Literally word for word quote some of the thing I have been saying for years. Even the same quote on Craig Federighi and Jony Ive. Would have been better if there was another quote about Jony Ive fall out with Apple User Interface Head in 2015 and destroyed everything great about Apple Store. And again the Microsoft Video about Windows Metro and removing as much Chrome. ( There are still plenty of people on HN who will defend Windows 8 being peak UI and Metro was a right design choice )
And the quote about bringing order to Chaos. Along with Scott Forstall Video basically saying they destroyed everything Steve left behind.
With Jony Ive gone and most of the exec on their way out, may be it is time to think about bringing back Scott Forstall.
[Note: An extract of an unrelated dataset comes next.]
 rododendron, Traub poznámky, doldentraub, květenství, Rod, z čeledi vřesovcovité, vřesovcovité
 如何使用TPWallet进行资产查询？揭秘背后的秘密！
Modern UI trends seem to optimize for neutrality and content-first minimalism, which is nice in theory but often ends up feeling generic
“Content-first minimalism”
I disagree. Unless the ‘content’ is “corners are sooo round, and isn’t this glass-like distortion just so neat?”
>The UI looks so good. Why can’t we have good looking things anymore?
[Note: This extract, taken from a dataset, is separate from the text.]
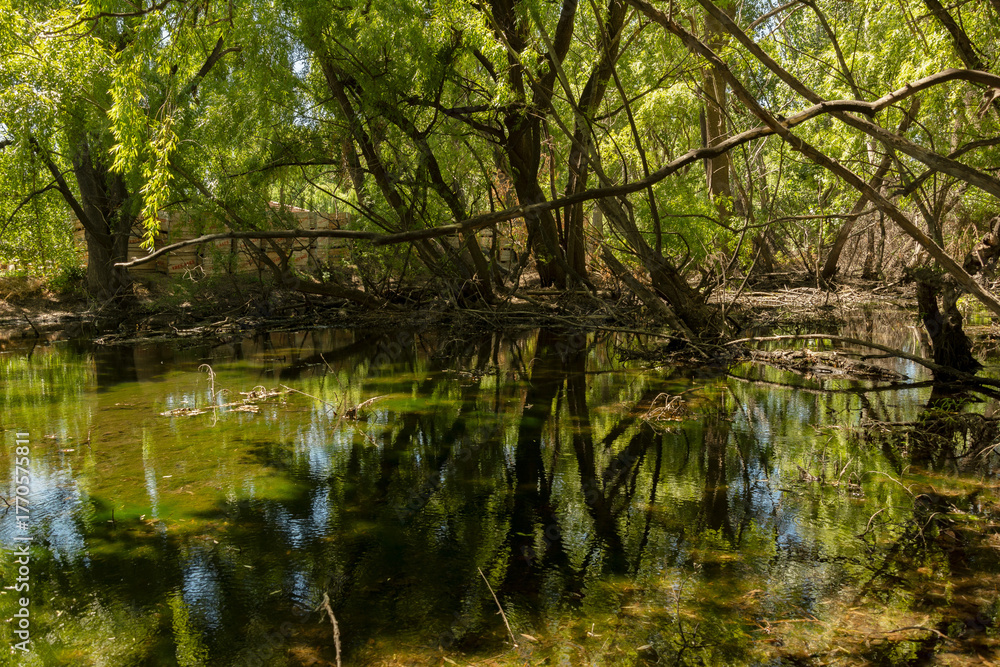 Obraz premium lake in the forest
Because "good looking UI" is a completely subjective metric.
True, but:
a) We can evaluate UIs on ('more') objective metrics too, like clarity, accessibility, etc. I think that, on most objective measures, the older UI would 'win' too.
b) Subjective doesn't mean 'useless'. If 99% of people prefer one thing over another, even for subjective reasons, it's probably a good idea.
> The UI looks so good. Why can’t we have good looking things anymore?
From the perspective of a Macintosh System 6 appreciator, OSX is kind of fussy with gratuitous details.
https://aaron.cc/opening-screenshots-from-a-vintage-macintos...
There used to be a really nice Aqua theme for Gtk back in the day, but like everything else it's gone out of fashion and succumbed to bitrot.
I don't even know where you'd find a copy of it any more, even if it could be ported to modern toolkit libraries.
I wish freshmeat.net was still on the go, that was full of things like that.
Because your opinion is in the minority
Please no, that Lucida font is unreadable and ugly. Let’s not talk about the childish “aqua” design.